(EXERCISE AIM) Exactly as they appear, print the line with "Juguete burbujero pilas PL25-2006 (UND)" and each line after it through the end of the entries below; leave out pictures.

========================================

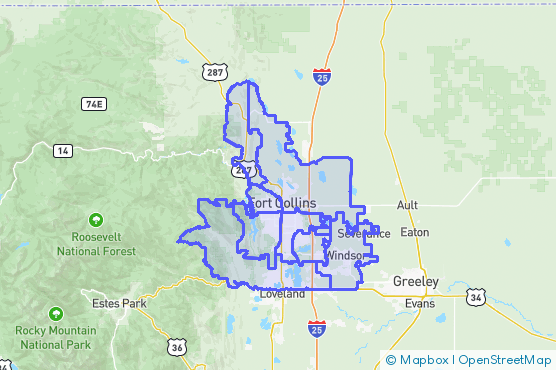 Service Area Map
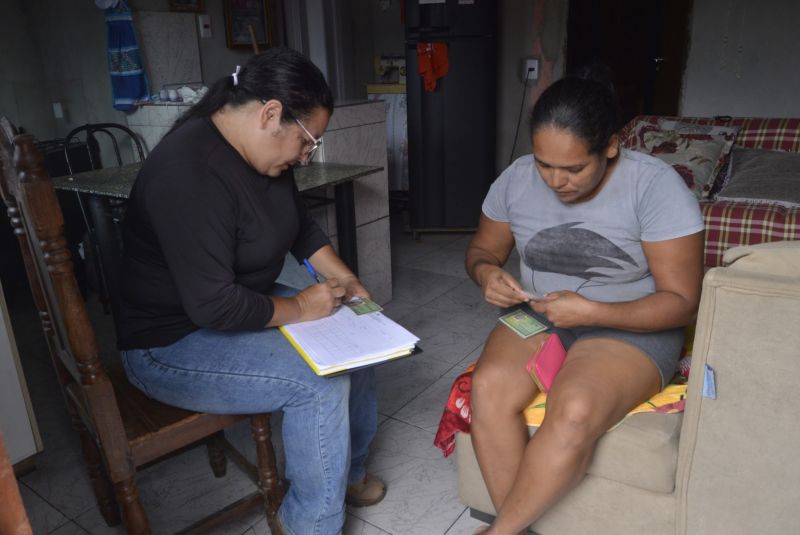 Apoio para famílias atingidas pelo alagamento no bairro do Aurá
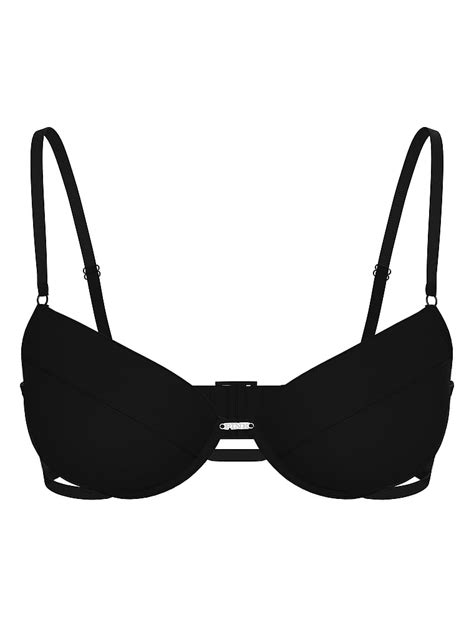 Buy Strappy Push Up Bikini Top Limited Edition Black Order Bikini Top Online PINK US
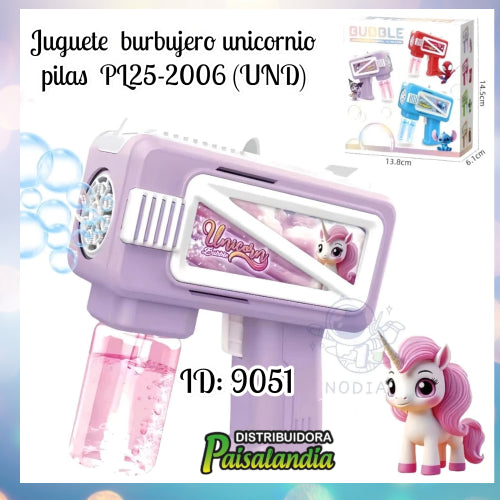 Juguete burbujero pilas PL25-2006 (UND)
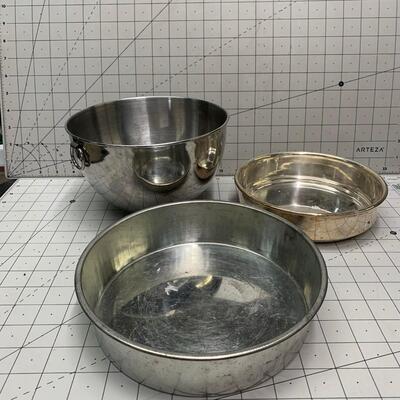 #118 Revere Ware Mixing Bowl & Misc Bowls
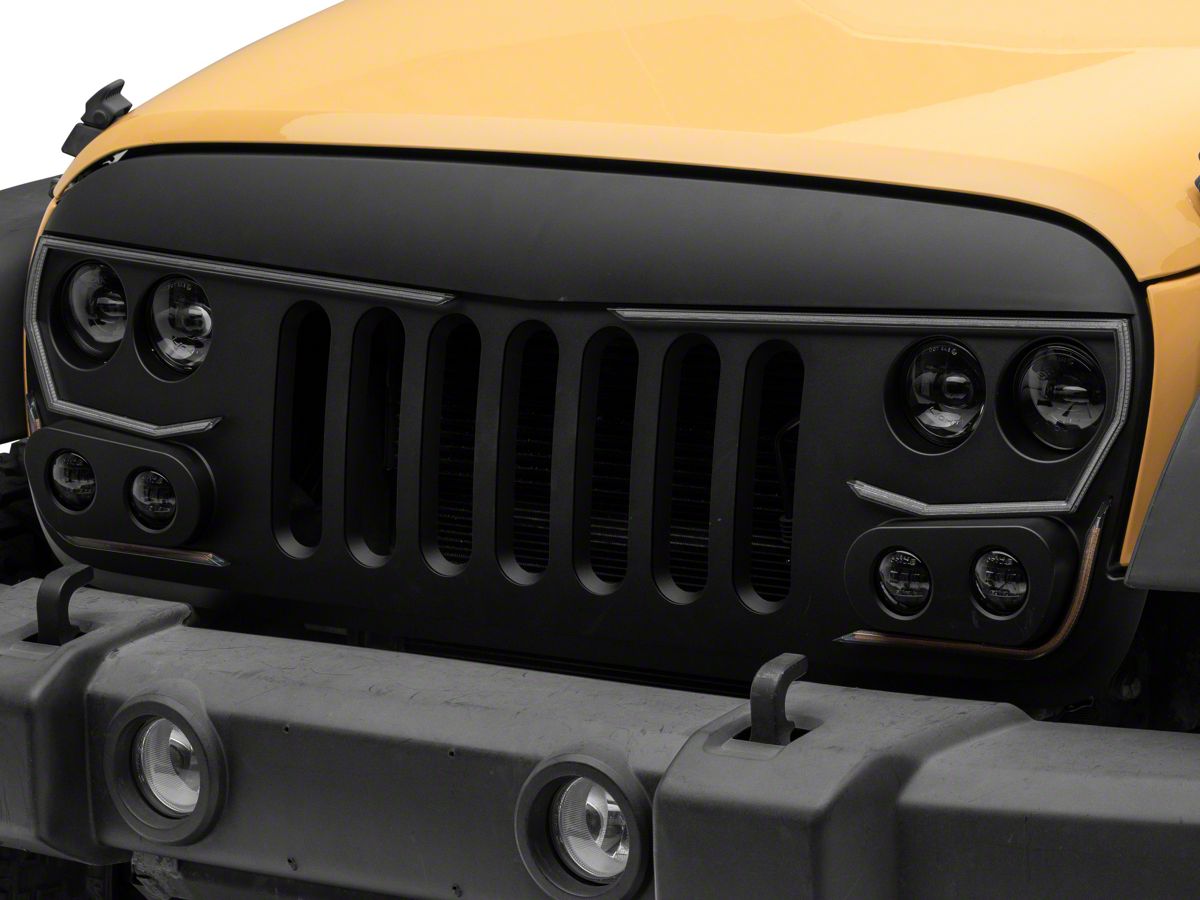 Oracle Jeep Wrangler Vector Pro-Series Full LED Grille 5817-PRO (07-18 Jeep  Wrangler JK)
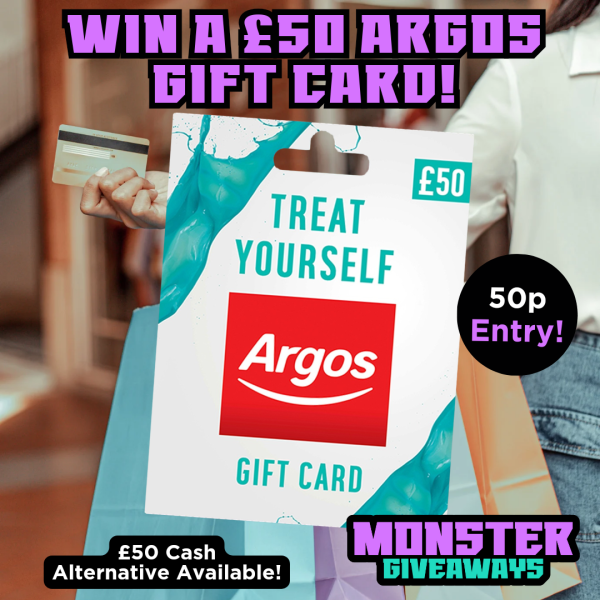 £50 Argos Gift Card or £50 Cash!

========================================

(EXERCISE RESPONSE)
 Juguete burbujero pilas PL25-2006 (UND)
 #118 Revere Ware Mixing Bowl & Misc Bowls
 Oracle Jeep Wrangler Vector Pro-Series Full LED Grille 5817-PRO (07-18 Jeep  Wrangler JK)
 £50 Argos Gift Card or £50 Cash!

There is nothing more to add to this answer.